Ce sont des notes d’espoir et de changement dans un monde cloisonné et austère où seule la bouille joyeuse de notre assistant transparaît.
Le Renouveau de l’artiste
Le renouveau, c’est la deuxième grande thématique de cet album jeunesse.
Aspergus est effectivement un artiste renommé mais il n’aime pas ce qu’il fait.
Il sent, au fond de lui, que ses œuvres sont « mauvaises » et qu’elles ne sont que le fruit de commandes pour de riches clients.
Et il a de plus en plus de mal avec cette sensation.
On y retrouve d’ailleurs, par petites touches, cette critique de la monétisation de l’art qui détruit d’une certaine manière la créativité des artistes.
Il trouve la solution grâce à son assistant qui lui propose différentes méthodes pour faire évoluer son dessin.
Derrière tout cela, les auteurs se questionnent sur ce qu’est une « belle œuvre ».
Doit-elle être réaliste avec une technique irréprochable ou plus « enfantine » avec un trait moins contrôlé et un artiste travaillant seul, sans aucune pression ?
Au final, le message est simple : un artiste ne peut continuellement faire la même chose.
Il doit sans cesse remettre en question son art s’il ne veut pas tomber dans l’ennui.
Tous ceux qui ont tenu un crayon ou un pinceau savent à quel point cette vision est pertinente.
Le rôle de l’artiste dans la transmission
Sur les dernières pages, l’humanisme prend le pas sur la valeur marchande.
Aspergus, toujours bien conseillé, va comprendre l’importance de la transmission.
Monter une école, donner des cours, apprendre, comme ils disent :
» aux enfants à dessiner comme les grands et aux grands à dessiner comme des enfants. »
De ce point de vue, j’ai eu l’impression de retrouver le message de Dessiner sur les Murs (Mathew Burgess et Josh Cochran) consacré à l’artiste Keith Harring.

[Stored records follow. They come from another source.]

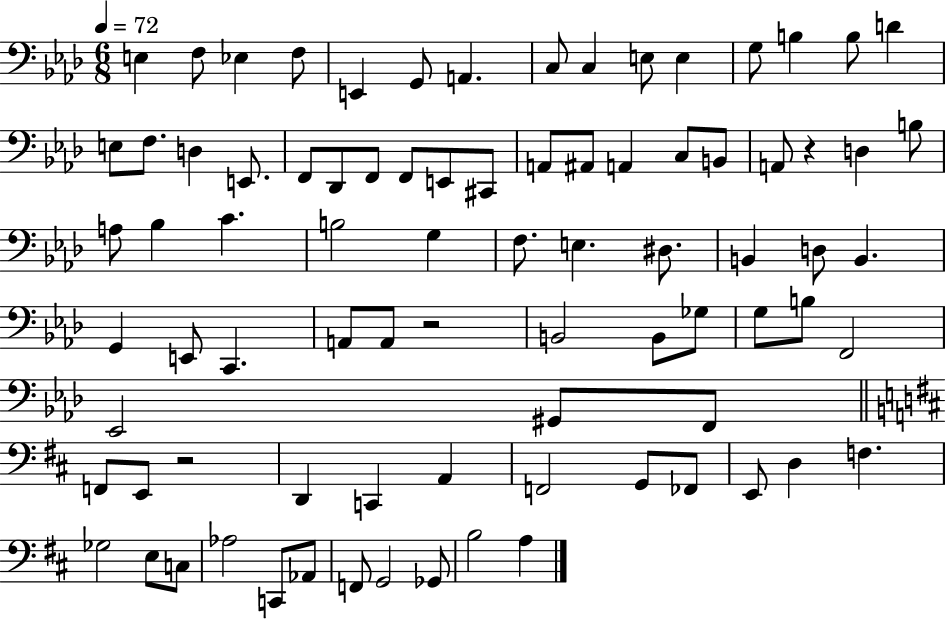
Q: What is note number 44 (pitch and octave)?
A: B2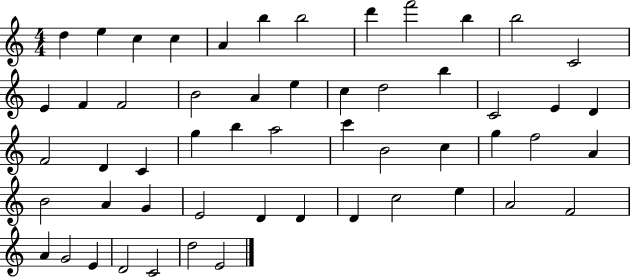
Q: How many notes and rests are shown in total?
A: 54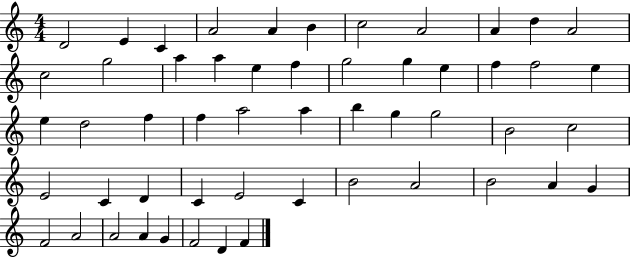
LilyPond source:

{
  \clef treble
  \numericTimeSignature
  \time 4/4
  \key c \major
  d'2 e'4 c'4 | a'2 a'4 b'4 | c''2 a'2 | a'4 d''4 a'2 | \break c''2 g''2 | a''4 a''4 e''4 f''4 | g''2 g''4 e''4 | f''4 f''2 e''4 | \break e''4 d''2 f''4 | f''4 a''2 a''4 | b''4 g''4 g''2 | b'2 c''2 | \break e'2 c'4 d'4 | c'4 e'2 c'4 | b'2 a'2 | b'2 a'4 g'4 | \break f'2 a'2 | a'2 a'4 g'4 | f'2 d'4 f'4 | \bar "|."
}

La transmission et l’éducation sont nécessaires pour faire vivre un art et permettre aux nouvelles générations d’apprendre puis d’expérimenter leurs propres voies.
En résumé
Aspergus et moi, derrière un graphisme sublime, pose le questionnement du renouvellement continuel de l'artiste et de son rôle en tant que passeur de savoir.
Une oeuvre généreuse à découvrir à tout âge.